■ **ASSIGNMENT**: Only the stretch below from the line holding "Two Piece Interlocking" through the line holding "Kalung Dengan Liontin" should be restated, word for word and with both ends included; pictures stay out.

[GIVEN RECORDS]

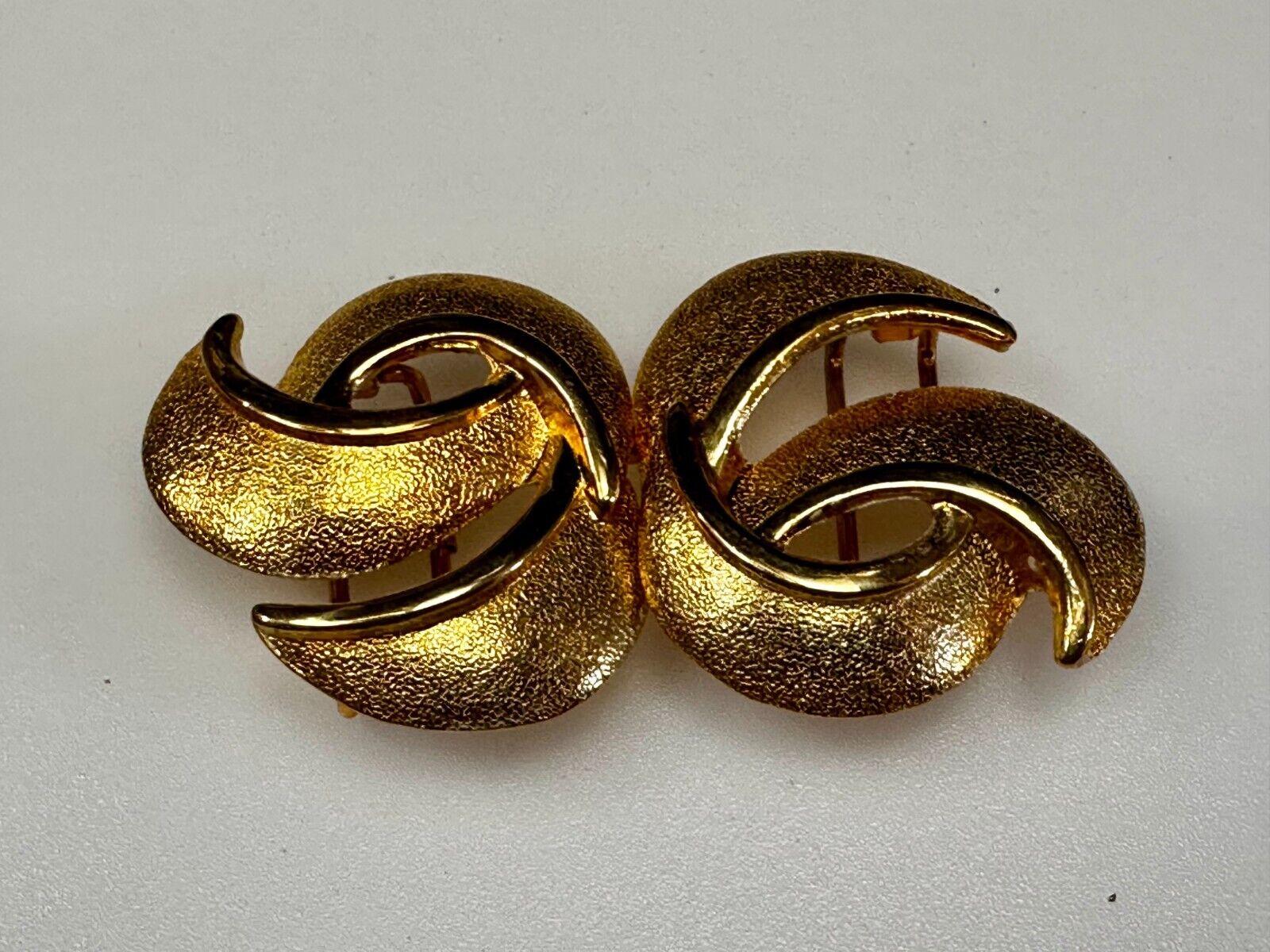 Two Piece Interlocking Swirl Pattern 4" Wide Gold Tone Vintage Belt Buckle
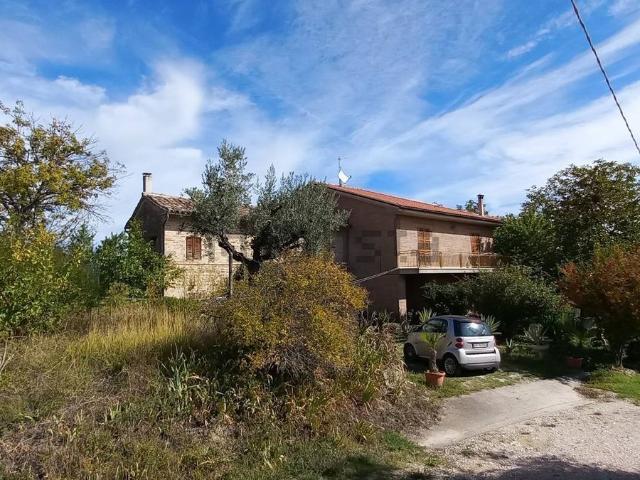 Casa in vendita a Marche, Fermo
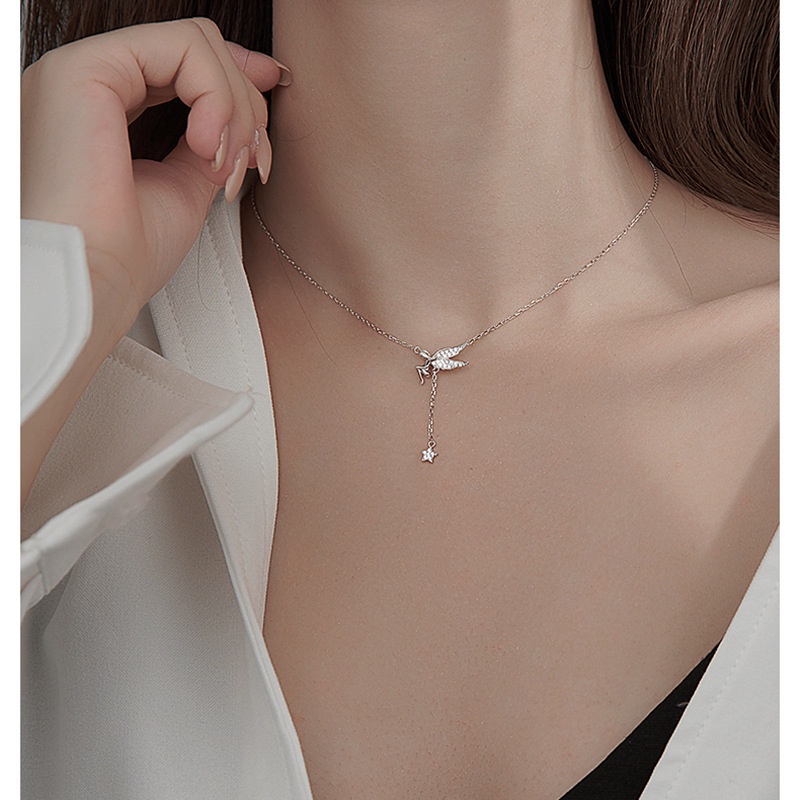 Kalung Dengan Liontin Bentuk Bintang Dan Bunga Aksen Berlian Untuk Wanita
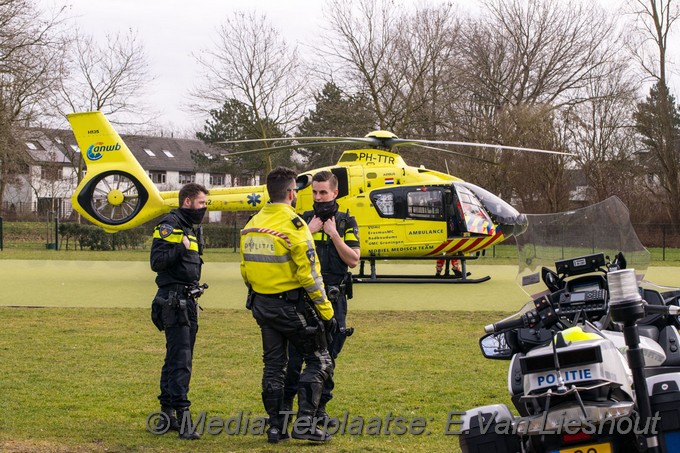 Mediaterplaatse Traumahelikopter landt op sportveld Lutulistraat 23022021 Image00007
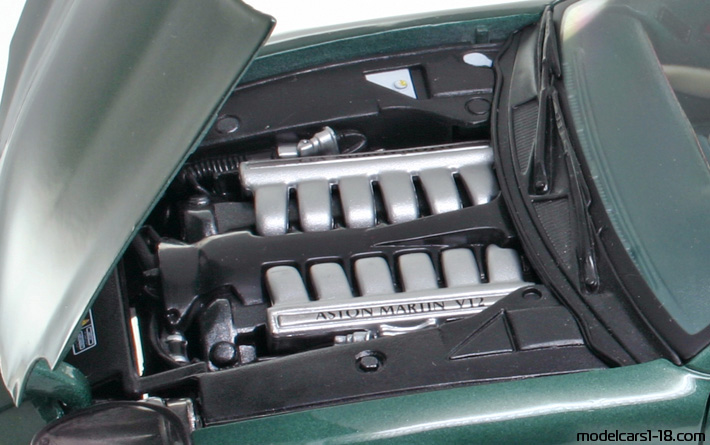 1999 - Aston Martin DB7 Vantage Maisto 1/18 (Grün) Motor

[/GIVEN RECORDS]
[GIVEN RECORDS]

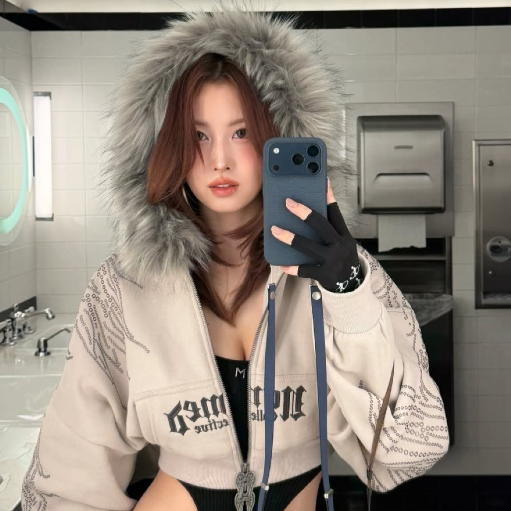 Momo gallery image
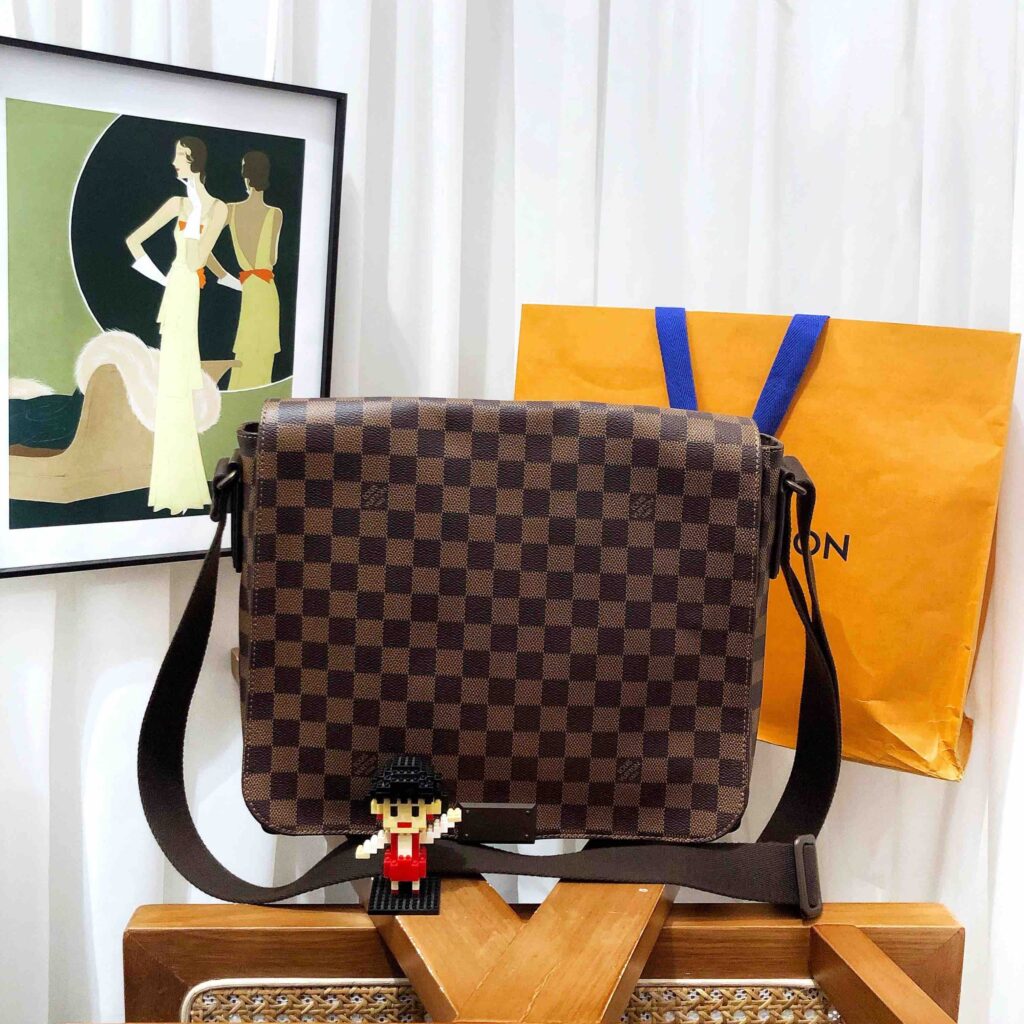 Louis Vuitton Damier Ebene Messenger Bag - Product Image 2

[/GIVEN RECORDS]
[GIVEN RECORDS]

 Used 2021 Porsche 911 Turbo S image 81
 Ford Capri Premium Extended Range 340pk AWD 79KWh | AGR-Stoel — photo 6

[/GIVEN RECORDS]

■ **SOLUTION TO THIS TASK**:
 Two Piece Interlocking Swirl Pattern 4" Wide Gold Tone Vintage Belt Buckle
 Casa in vendita a Marche, Fermo
 Kalung Dengan Liontin Bentuk Bintang Dan Bunga Aksen Berlian Untuk Wanita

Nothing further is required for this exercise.